Sept personnes avaient alors été arrêtées par la police : Melkianus Bleskadit, le prêtre Daniel Yenu et cinq étudiants (Jhon Wilson Wader, Penehas Serongon, Yance Sekenyap, Alex Duwiri et Jhon Raweyai). Ils avaient tous les sept été inculpés de « rébellion » au titre de l’article 106 du Code pénal indonésien, infraction passible de la réclusion à perpétuité, et d’« incitation » en vertu de l’article 160.

Le 18 août 2011, le tribunal du district de Manokwari avait condamné Melkianus Bleskadit à une peine de deux ans d’emprisonnement. Daniel Yenu, qui avait été condamné à une peine de sept mois et 16 jours d’emprisonnement le 23 août, a été remis en liberté depuis lors. Quatre des cinq étudiants ont été acquittés et libérés le 27 septembre 2011. Cependant, le cinquième étudiant, Jhon Rawayei, a été reconnu coupable de « rébellion » et condamné à neuf mois et 17 jours d’emprisonnement. Il devrait bientôt retrouver la liberté, étant donné qu’il est incarcéré depuis plus de neuf mois.
À la connaissance d’Amnesty International, au moins 90 militants politiques sont maintenus en détention dans les provinces de Papouasie et des Moluques, uniquement en raison de leurs activités politiques pacifiques. Amnesty International les considère comme des prisonniers d’opinion et demande leur libération immédiate et inconditionnelle.

Les droits à la liberté d’expression, d’opinion et de réunion pacifique sont protégés par la Constitution indonésienne et par le Pacte international relatif aux droits civils et politiques (PIDCP), auquel l’Indonésie est un État partie. Si le gouvernement indonésien a le droit et le devoir de maintenir l’ordre, il doit veiller à ce que toute restriction pesant sur les droits à la liberté d’expression et de réunion pacifique n’aille pas au-delà de ce qui est autorisé par le droit international en matière de droits humains.

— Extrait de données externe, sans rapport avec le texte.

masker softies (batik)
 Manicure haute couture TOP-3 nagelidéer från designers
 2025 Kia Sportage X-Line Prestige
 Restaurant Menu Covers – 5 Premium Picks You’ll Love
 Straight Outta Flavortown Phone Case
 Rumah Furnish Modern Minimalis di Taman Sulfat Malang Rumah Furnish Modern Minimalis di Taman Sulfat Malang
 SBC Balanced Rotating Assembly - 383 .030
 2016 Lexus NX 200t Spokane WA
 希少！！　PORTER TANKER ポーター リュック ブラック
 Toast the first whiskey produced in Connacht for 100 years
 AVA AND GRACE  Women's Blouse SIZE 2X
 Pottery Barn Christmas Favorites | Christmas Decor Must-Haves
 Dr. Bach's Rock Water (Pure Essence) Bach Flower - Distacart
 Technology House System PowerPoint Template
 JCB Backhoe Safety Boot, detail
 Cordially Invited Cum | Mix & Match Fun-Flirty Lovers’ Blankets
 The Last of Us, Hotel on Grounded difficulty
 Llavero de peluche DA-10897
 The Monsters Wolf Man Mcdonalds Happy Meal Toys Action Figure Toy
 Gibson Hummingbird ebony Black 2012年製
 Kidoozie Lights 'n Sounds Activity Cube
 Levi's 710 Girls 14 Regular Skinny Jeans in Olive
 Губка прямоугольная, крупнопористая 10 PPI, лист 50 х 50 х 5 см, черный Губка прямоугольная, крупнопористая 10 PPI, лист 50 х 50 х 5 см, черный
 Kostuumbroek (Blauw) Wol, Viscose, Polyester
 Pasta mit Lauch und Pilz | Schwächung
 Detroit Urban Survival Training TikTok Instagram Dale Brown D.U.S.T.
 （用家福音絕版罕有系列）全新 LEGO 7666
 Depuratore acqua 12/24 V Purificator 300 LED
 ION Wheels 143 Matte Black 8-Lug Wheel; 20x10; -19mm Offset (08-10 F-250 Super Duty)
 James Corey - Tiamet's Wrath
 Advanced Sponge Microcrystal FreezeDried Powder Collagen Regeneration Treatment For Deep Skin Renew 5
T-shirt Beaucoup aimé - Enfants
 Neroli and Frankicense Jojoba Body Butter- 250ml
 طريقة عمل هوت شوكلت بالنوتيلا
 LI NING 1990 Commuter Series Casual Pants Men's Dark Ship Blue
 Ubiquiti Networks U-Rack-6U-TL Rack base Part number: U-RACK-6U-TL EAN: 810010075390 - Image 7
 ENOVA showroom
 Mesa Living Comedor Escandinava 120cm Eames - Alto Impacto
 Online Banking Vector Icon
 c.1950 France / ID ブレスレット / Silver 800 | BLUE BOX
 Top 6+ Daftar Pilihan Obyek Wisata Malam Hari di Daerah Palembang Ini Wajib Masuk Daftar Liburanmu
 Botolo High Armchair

Amnesty International ne prend aucunement position quant au statut politique des provinces d’Indonésie et n’appelle pas à leur indépendance. Cependant, l’organisation estime que le droit à la liberté d’expression comprend le droit de prôner pacifiquement le recours aux référendums, à l’indépendance ou à toute autre solution politique n’impliquant pas d’incitation à la discrimination, à l’hostilité ou à la violence.